Among banks reporting results, SeABank stands out as its Q1 2026 pre-tax profit reached 1,388 billion VND, with no one-off gain from the disposal of PT Financial Company as in the same period last year. When the unusual factor disappeared, earnings deteriorated significantly. In addition, higher funding costs and intensified risk provisions weighed on bank performance. This is a common pattern across many banks in the context of rising bad debts among certain customer groups.
Eximbank also recorded a decline, with Q1 pre-tax profit of 338 billion VND, down more than 50% year-on-year. Although net interest income rose nearly 2%, non-interest income fell sharply. Notably, net interest income from services fell 75% to 36 billion, while foreign exchange trading activity posted a loss of more than 10 billion.

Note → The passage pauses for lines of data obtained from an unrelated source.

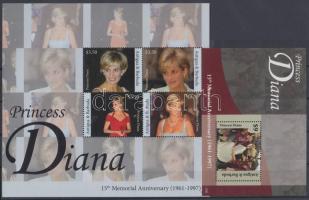 Diana hercegnő kisív + blokk, Princess Diana minisheet + block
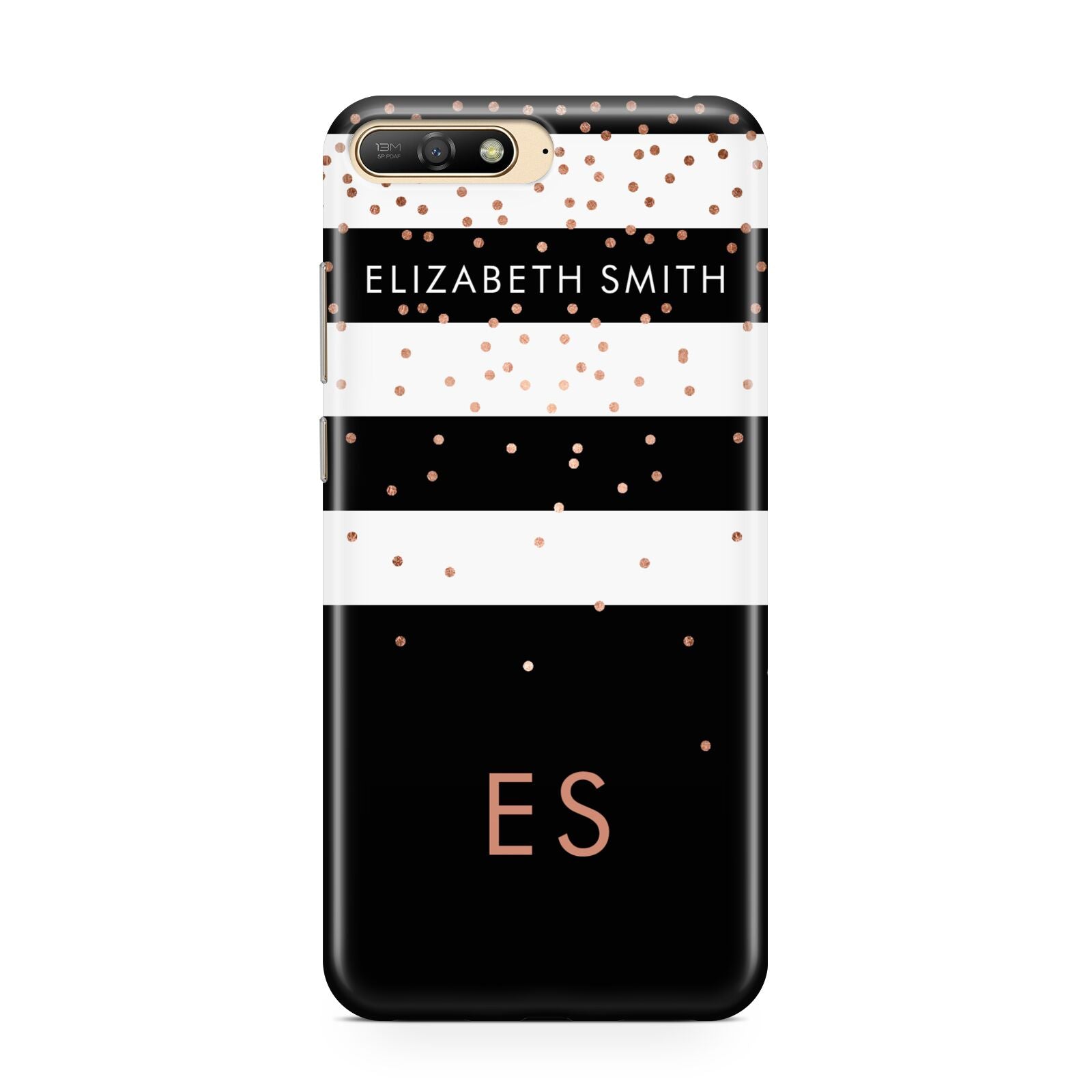 Personalised Black Striped Name Initials Huawei Y6 2018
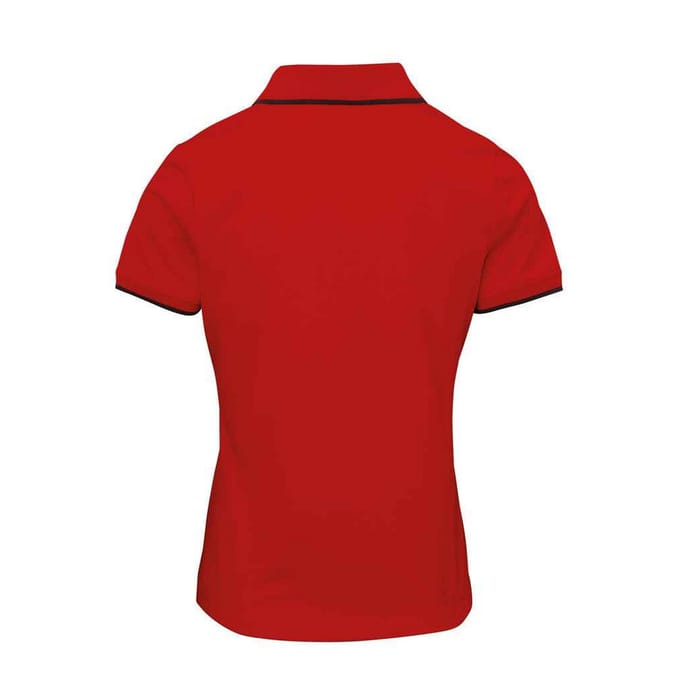 Premier Dames/Dames Coolchecker Contrast Piqué Poloshirt (Rood/zwart)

At the annual general meeting at the end of April, Mr. Tran Tấn Lộc, Eximbank's CEO, said the global economy remains unsettled, particularly the conflict in the Middle East disrupting supply chains, pushing oil prices higher and
fueling inflation. These fluctuations directly affect customers' production and business activities, thereby impacting credit quality and banks' results.
Profitability of some banks declines in a difficult environment.
Sacombank also joined the group with pre-tax profit down 42% to 2,106 billion. The main reason is a sharp rise in risk provisions, from 195 billion to 2,024 billion, more than tenfold year‑on‑year. Although net interest income fell 12% to 6,042 billion, non-interest segments continued to show positive signals, especially net income from other activities turning from a loss of 104 billion to a gain of 324 billion. However, this gain was not enough to offset the provisioning surge, resulting in lower overall profit. Nevertheless, the bank still achieved about 26% of its annual profit target.
LPBank also posted a 11% drop in pre‑tax profit to 2,826 billion, though net interest income rose 18%. At the AGM, LPBank leadership said 2026 will be the year the bank adopts a more cautious business plan. Mr Vu Quoc Khanh, LPBank’s CEO, said the bank's credit room this year is only 11.7%, lower than expectations, while Q1 banks were limited to roughly 25% of the approved credit growth. This leaves limited room for credit growth. In addition, funding cost pressures at the start of the year have squeezed net interest margins. Although LPBank retains advantages in digital platforms and a wide network, the net interest margin this year is unlikely to be sustained at 2025 levels. The bank is also actively building higher provisions to strengthen its resilience against market fluctuations.